I think this will solve your problem:

Click to copy

import zlib
import zipfile
import io

def fetch(key_name, start, len, client_s3):
    """
    range-fetches a S3 key
    """
    end = start + len - 1
    s3_object = client_s3.get_object(Bucket=bucket_name, Key=key_name, Range="bytes=%d-%d" % (start, end))
    return s3_object['Body'].read()


def parse_int(bytes):
    """
    parses 2 or 4 little-endian bits into their corresponding integer value
    """
    val = (bytes[0]) + ((bytes[1]) << 8)
    if len(bytes) > 3:
        val += ((bytes[2]) << 16) + ((bytes[3]) << 24)
    return val


def list_files_in_s3_zipped_object(bucket_name, key_name, client_s3):
    """

    List files in s3 zipped object, without downloading it.

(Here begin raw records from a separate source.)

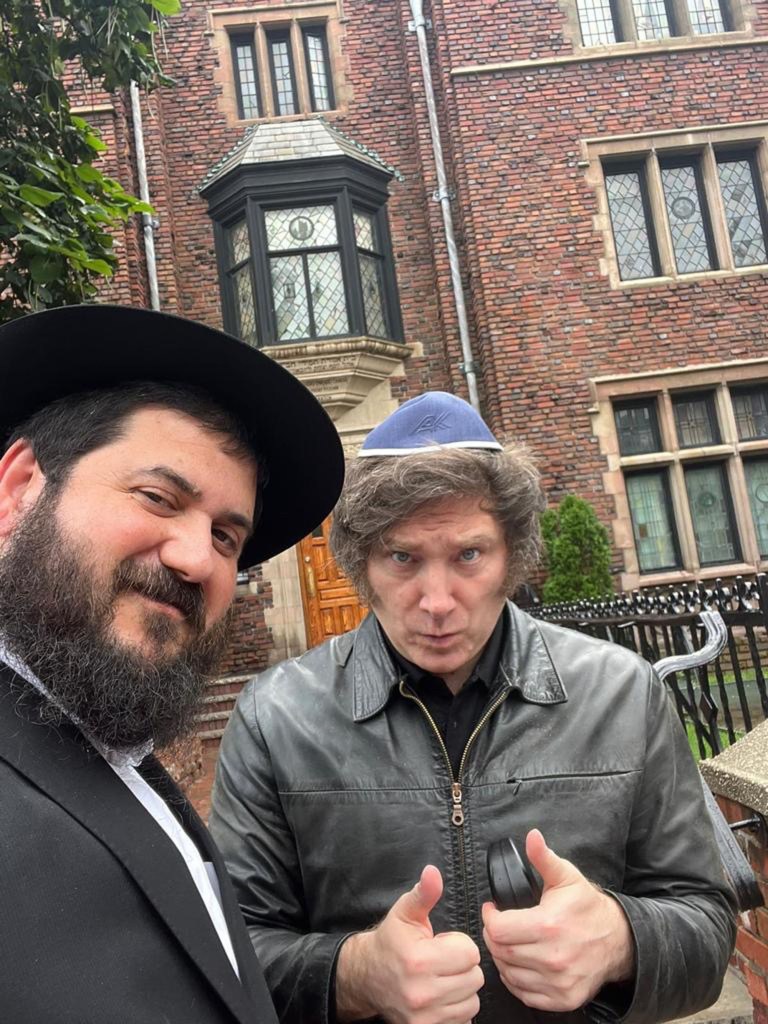 Argentina's new president Javier Milei posing with Chabad Rabbi Mendy Kotlarsky.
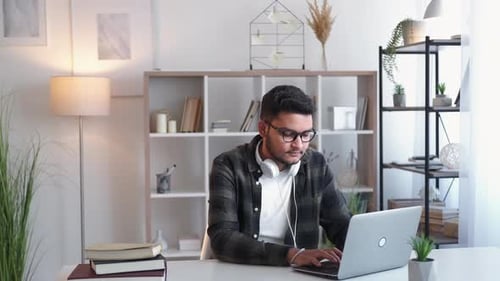 Young Adult Typing on Laptop at Home Desk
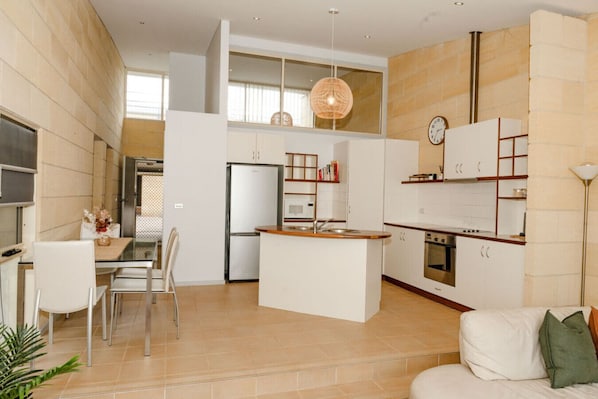 A modern kitchen with a central island, a dining area with chairs, and a living space with a sofa.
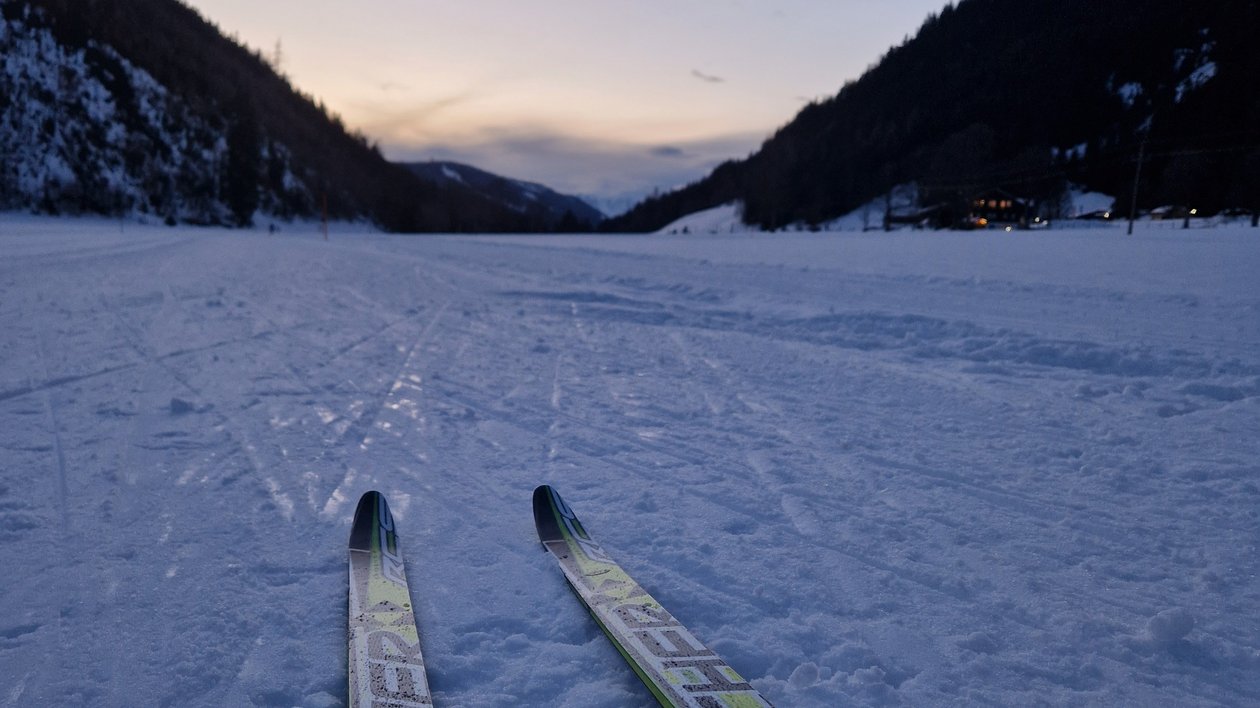 Pair of cross-country skis on a snowy trail with mountains and sunset in the background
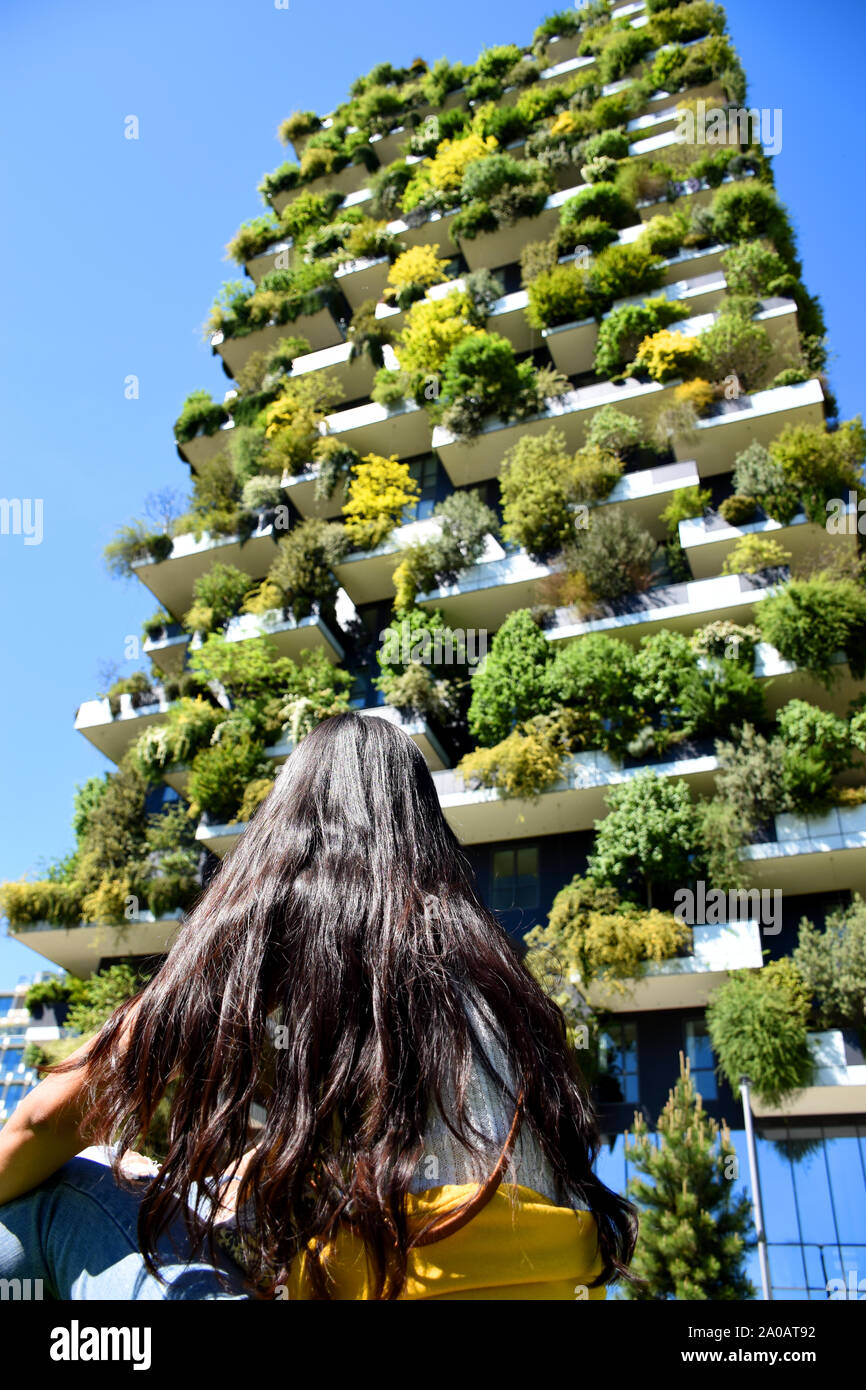 Beautiful thai tanned brunette is sitting in front of the Bosco Verticale (Vertical Forest) residential towers and looking up for the planted 900 tree Stock Photo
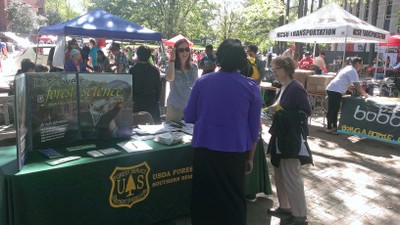 Earth Fair attendees talk at a display table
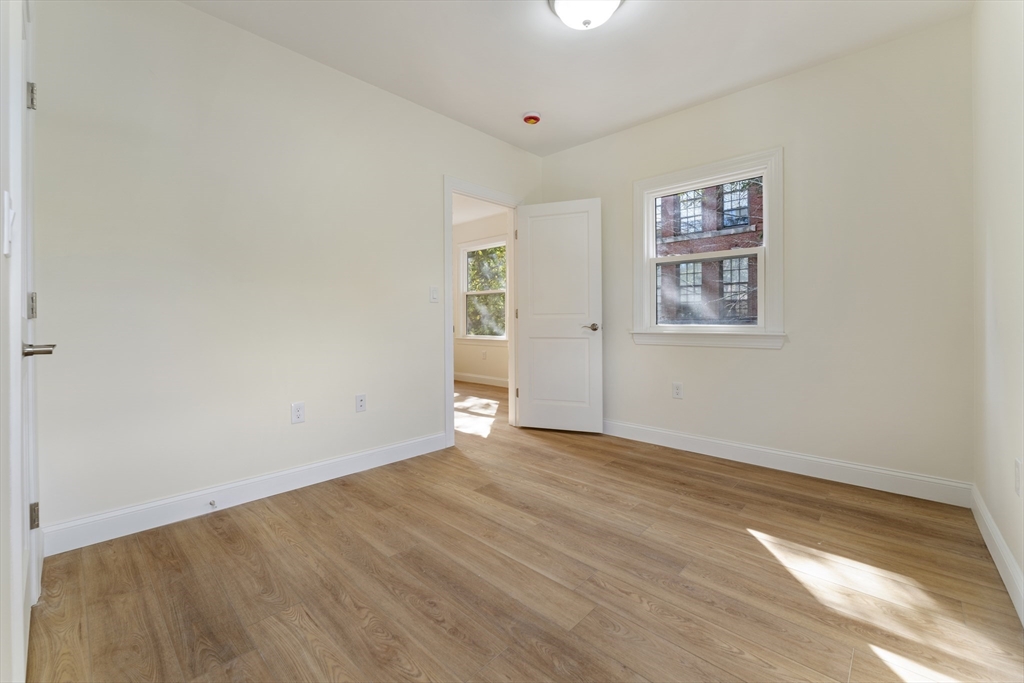 27 Perrin Street, Unit 1 Boston, MA 02119 - Photo 11 of 22 an empty room with wooden floor and windows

Returns the number of files inside the zip file.
    See : https://stackoverflow.com/questions/41789176/how-to-count-files-inside-zip-in-aws-s3-without-downloading-it
    Based on : https://stackoverflow.com/questions/51351000/read-zip-files-from-s3-without-downloading-the-entire-file


    bucket_name: name of the bucket
    key_name:  path to zipfile inside bucket
    client_s3: an object created using boto3.client("s3")
    """

    bucket = bucket_name
    key = key_name

    response = client_s3.head_object(Bucket=bucket_name, Key=key_name)
    size = response['ContentLength']

    eocd = fetch(key_name, size - 22, 22, client_s3)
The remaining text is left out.